Thanks guys, yeah I’m so ready to get back out on the boat fishing. I just don’t want to drive over with the boat only to find I can’t launch it or even worse get all fouled up trying to.


----------



## wink8328 (Jul 8, 2016)

You can always call the marina before heading out as well. They've always been really helpful.


----------



## Saugeyefisher (Jul 19, 2010)

March on piedmont is AWESOME!!!!!!


----------



## BuckeyeFishinNut (Feb 8, 2005)

I guarantee that piedmont filled up pretty good this weekend. I was out there Friday to Monday at our camp and we still had a good bit of snow around. After the rain Sunday, all the snow was gone and you could hear was the near by little creek rushing with water. I will be back out there this weekend and plan to fish a little bit between doing work around the camp.


----------



## wink8328 (Jul 8, 2016)

According to this website it's only a little more than a foot shy of summer pool already. That's as of 8 this morning. Not sure about the ice situation though.

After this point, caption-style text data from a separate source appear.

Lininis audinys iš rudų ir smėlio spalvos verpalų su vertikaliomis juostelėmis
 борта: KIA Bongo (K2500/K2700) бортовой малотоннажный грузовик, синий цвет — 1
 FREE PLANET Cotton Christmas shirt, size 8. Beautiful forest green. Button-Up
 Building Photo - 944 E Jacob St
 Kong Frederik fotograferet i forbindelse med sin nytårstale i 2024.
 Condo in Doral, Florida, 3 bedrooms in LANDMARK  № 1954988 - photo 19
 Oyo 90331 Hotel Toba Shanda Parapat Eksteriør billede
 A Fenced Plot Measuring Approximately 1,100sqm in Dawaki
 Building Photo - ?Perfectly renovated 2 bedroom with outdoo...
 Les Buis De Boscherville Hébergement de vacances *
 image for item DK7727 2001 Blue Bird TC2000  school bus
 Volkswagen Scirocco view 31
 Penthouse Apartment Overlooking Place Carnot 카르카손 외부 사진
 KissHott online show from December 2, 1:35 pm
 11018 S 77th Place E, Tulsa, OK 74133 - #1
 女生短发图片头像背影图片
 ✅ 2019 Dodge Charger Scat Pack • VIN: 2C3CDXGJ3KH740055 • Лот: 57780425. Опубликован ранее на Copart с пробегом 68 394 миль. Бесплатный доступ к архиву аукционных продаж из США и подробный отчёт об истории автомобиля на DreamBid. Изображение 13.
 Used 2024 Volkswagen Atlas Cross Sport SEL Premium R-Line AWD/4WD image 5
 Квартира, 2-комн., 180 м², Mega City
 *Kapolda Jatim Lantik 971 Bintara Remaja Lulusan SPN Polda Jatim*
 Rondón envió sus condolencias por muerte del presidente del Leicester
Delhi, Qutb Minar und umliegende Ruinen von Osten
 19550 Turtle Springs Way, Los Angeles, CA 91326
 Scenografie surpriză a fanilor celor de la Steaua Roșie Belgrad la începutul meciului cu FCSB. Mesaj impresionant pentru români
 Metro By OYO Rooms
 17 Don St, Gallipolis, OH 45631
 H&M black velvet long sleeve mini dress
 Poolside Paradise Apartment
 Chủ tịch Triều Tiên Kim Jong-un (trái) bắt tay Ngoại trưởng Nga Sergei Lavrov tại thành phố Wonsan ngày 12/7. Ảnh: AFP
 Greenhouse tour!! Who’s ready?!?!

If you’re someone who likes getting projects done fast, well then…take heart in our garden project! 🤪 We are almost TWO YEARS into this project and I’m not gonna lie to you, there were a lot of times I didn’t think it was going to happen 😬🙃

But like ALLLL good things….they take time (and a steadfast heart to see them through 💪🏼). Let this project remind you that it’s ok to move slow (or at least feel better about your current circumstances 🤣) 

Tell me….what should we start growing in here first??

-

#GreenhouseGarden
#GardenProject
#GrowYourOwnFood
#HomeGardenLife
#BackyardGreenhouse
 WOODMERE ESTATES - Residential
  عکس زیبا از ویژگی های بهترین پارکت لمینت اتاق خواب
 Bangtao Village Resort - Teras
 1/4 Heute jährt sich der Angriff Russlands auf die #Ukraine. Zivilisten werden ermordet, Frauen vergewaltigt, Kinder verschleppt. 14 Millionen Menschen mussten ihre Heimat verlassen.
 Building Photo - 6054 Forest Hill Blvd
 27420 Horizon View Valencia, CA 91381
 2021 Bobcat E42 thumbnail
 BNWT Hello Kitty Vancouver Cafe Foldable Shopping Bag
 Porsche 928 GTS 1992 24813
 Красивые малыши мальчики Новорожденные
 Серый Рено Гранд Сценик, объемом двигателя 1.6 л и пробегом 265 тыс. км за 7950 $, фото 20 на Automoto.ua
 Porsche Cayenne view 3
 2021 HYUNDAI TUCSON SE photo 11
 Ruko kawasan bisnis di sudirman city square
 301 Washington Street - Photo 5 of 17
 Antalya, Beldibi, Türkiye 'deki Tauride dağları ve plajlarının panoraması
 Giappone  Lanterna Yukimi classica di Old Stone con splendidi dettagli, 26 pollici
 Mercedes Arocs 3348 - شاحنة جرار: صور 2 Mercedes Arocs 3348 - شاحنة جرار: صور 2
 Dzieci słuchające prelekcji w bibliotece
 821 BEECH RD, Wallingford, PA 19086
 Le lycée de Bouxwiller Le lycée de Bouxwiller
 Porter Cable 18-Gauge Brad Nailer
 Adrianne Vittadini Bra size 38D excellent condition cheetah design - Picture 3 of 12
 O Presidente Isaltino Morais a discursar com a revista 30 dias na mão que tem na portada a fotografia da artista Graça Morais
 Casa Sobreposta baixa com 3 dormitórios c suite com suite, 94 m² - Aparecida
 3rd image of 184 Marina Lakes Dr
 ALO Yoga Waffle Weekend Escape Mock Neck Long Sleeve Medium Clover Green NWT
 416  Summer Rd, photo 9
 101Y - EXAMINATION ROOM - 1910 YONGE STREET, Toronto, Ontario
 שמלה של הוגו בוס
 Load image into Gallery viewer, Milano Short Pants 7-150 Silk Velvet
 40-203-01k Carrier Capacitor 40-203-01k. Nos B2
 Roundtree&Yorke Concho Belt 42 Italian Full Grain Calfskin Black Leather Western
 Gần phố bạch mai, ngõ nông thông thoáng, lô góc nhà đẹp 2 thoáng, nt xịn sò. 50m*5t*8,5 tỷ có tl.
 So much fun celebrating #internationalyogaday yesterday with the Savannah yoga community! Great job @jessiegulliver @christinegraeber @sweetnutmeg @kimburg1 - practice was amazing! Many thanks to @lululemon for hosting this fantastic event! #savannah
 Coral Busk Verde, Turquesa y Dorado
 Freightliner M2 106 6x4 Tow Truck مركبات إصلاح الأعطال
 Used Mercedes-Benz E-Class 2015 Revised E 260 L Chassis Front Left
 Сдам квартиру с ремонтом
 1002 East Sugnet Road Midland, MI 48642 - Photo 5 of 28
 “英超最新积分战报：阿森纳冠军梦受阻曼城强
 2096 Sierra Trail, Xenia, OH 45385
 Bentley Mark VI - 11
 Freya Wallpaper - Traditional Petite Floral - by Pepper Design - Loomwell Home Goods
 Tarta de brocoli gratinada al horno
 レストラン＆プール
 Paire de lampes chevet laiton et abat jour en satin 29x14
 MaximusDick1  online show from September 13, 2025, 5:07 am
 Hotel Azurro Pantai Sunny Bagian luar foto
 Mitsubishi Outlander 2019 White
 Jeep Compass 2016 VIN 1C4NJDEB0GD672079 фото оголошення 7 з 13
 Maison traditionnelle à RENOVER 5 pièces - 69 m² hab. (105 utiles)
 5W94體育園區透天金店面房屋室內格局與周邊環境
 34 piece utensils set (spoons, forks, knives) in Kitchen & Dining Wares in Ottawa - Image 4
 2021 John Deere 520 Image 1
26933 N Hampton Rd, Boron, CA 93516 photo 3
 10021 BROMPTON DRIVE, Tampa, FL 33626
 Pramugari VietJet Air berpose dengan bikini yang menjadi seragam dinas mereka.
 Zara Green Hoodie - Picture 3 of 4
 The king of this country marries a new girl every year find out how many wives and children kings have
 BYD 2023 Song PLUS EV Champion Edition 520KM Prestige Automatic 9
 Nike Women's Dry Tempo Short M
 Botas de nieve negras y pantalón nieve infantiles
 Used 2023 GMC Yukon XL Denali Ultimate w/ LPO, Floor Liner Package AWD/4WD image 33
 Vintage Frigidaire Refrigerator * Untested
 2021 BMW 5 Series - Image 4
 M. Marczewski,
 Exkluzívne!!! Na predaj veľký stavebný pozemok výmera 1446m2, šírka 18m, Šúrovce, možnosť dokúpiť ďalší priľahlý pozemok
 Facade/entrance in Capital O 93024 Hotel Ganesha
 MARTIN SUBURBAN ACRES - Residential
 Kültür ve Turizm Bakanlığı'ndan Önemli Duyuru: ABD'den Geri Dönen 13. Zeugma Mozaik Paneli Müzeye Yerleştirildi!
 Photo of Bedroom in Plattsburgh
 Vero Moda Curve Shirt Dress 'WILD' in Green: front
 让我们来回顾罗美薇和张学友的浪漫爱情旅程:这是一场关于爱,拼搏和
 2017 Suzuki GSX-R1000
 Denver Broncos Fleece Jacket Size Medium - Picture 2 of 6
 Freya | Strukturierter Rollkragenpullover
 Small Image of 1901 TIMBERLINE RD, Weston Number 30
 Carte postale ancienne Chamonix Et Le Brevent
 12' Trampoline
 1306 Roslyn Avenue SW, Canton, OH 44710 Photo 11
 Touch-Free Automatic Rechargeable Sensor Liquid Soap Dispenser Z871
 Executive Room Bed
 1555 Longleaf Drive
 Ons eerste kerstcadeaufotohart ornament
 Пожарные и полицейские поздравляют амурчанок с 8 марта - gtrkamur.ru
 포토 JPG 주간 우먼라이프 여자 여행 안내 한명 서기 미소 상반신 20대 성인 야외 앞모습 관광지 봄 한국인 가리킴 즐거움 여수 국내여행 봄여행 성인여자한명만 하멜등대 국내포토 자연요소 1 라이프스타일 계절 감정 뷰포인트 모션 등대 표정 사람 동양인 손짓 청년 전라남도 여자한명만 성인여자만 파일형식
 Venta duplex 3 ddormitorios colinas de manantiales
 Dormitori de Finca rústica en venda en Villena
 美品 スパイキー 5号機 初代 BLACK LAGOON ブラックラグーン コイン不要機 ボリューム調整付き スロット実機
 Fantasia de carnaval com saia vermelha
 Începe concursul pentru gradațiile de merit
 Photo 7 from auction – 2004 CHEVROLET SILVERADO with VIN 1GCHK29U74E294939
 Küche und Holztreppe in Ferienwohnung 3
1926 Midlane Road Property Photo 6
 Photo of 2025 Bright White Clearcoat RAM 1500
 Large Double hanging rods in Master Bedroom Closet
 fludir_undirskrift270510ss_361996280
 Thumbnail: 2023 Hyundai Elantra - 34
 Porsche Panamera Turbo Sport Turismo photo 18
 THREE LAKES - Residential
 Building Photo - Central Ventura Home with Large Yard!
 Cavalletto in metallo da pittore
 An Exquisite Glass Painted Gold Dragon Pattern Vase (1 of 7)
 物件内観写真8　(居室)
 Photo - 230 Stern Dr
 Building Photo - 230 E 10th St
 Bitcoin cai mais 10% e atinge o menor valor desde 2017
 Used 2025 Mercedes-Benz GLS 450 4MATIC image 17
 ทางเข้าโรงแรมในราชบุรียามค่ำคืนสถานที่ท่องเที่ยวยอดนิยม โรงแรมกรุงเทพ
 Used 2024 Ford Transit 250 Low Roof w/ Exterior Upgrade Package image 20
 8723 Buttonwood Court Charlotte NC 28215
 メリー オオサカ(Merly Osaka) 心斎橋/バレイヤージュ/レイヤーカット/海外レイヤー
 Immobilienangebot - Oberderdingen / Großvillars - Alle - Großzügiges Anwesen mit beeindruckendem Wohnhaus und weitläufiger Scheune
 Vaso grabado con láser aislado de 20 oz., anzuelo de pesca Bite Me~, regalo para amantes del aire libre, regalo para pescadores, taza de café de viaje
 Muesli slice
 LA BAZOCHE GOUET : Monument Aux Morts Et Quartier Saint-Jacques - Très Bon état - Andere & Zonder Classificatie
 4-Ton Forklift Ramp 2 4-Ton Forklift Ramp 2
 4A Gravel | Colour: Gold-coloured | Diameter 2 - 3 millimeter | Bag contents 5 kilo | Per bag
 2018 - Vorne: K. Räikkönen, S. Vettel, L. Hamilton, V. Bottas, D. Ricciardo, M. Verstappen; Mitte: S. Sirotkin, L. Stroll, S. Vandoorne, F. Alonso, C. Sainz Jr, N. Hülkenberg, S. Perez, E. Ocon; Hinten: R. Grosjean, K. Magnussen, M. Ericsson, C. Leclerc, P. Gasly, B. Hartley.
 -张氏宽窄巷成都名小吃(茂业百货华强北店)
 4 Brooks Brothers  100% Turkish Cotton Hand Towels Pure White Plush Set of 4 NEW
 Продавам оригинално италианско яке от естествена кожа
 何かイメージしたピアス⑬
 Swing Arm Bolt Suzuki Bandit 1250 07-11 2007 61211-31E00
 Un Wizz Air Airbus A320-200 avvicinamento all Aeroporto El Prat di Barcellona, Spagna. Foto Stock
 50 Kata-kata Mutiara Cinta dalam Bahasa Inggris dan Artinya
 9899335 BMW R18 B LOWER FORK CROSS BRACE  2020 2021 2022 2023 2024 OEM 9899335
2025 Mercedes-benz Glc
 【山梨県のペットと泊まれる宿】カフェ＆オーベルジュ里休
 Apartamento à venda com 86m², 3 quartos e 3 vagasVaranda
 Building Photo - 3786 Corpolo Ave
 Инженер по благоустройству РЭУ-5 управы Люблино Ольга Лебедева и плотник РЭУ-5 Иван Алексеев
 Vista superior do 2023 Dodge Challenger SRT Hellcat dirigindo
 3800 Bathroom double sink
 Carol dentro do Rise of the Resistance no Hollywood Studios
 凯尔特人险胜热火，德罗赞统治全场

Water Management - Huntington District - U.S. Army Corps of Engineers


Water Management - Huntington District - USACE




www.lrh-wc.usace.army.mil


----------



## BuckeyeFishinNut (Feb 8, 2005)

wink8328 said:


> According to this website it's only a little more than a foot shy of summer pool already. That's as of 8 this morning. Not sure about the ice situation though.
> 
> 
> 
> ...


From what I saw in our cove, ice was melting fast. Comparing friday evening to sunday evening there was a lot more open water. Looks like hardwater season is over, time to bring on the real fishing..lol


----------



## wink8328 (Jul 8, 2016)

Outstanding! I hope to be down at the campsite Sunday thru Wednesday next week.


----------



## musky2much (Mar 30, 2006)

I plan on being there 8th-10th if ice is mostly gone. Please post if anyone has more current ice reports. Thanks!


----------



## Fishin365 (Feb 3, 2009)

Boats launching from Piedmint marina today. I was on Tappan and watched the ice receed. Spring is here.


----------



## The Muskyman (Feb 26, 2021)

Fishin365 said:


> Boats launching from Piedmint marina today. I was on Tappan and watched the ice receed. Spring is here.


----------



## The Muskyman (Feb 26, 2021)

Good news! wonder how muddy the water is?


----------



## wink8328 (Jul 8, 2016)

Music to my ears!


----------



## musky2much (Mar 30, 2006)

Great!


----------



## DHower08 (Nov 20, 2015)

Fishin365 said:


> Boats launching from Piedmint marina today. I was on Tappan and watched the ice receed. Spring is here.


How muddy was tappan


----------